1 teaspoon - turmeric powder

  - salt

  - coriander leaves (for garnish)

  - cashew nuts (for garnish)

Directions

  1. Fry the semolina in a frying pan over a medium flame until it turns brown then remove from the heat and set aside to cool. Don't leave the semolina unattended since it can burn very quickly. Peel the onion and cut it into long slices. Peel and chop the vegetables into small cubes - about ¼" (6mm) across. Peel and grate the ginger, chop the chilies and finely chop the tomato.
  2. Place a thick bottom deep frying pan (skillet) over a medium-high heat. Pour in 2-3 tablespoons of vegetable oil and, once hot, add the mustard seeds.
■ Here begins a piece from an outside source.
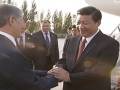 習近平抵達比什凱克開始對吉爾吉斯斯坦進行國事訪問並出席上海合作組織峰會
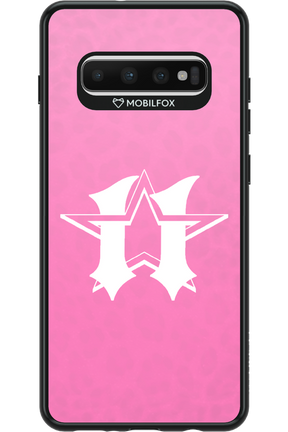 Centaur Logo Pink 2.0 - Samsung Galaxy S10+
When they begin to sputter, add the black gram, onions, whole curry leaves, green chilies, cumin seeds and ginger. Continue to cook, stirring frequently, until the onions turn golden brown (about 10 minutes). Meanwhile boil 12 fl oz (350 ml) of water.
  3. Once the onions have turned golden brown add the chopped vegetables, the peas and the tomato and mix well. Add the turmeric and the roasted semolina, then add salt and taste to make sure that the salt is dominant (once you add water the dish will balance the salt). Continue to fry the mixture for 3-5 minutes adding more seasoning if needed. Meanwhile, once the water boils add the boiling water to the mixture, stirring to avoid lumps. Once the ingredients are well mixed, cover with a lid and simmer on low heat for 5-8 minutes.
  4. Once water is completed absorbed your Vegetable Upma is ready. Garnish it with chopped coriander leaves and roasted cashew nuts and serve hot.